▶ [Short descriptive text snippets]
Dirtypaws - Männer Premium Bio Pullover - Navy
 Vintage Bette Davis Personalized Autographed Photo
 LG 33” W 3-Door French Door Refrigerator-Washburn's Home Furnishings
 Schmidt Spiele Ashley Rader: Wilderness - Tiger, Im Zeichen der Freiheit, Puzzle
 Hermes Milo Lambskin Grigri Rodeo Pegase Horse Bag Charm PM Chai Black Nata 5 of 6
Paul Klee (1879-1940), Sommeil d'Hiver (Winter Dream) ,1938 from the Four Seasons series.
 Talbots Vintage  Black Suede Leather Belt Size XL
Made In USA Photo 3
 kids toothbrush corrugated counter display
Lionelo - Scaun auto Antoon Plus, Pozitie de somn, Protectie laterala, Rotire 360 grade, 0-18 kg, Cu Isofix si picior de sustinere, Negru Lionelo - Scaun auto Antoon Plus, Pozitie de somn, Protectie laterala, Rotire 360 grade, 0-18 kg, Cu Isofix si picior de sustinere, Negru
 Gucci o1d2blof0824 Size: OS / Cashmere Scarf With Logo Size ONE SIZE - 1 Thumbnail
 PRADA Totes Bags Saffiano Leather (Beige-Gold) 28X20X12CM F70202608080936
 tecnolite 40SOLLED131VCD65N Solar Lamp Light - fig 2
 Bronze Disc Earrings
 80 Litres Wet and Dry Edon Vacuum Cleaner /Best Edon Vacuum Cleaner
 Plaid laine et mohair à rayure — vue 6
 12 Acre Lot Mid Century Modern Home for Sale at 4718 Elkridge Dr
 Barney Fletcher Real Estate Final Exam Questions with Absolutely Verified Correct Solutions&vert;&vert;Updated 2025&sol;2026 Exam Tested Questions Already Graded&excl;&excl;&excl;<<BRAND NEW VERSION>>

▶ [Prompt] Copy the lines that hold the word "Vintage". Take them from the records above.

▶ [Result of this task]
 Vintage Bette Davis Personalized Autographed Photo
 Talbots Vintage  Black Suede Leather Belt Size XL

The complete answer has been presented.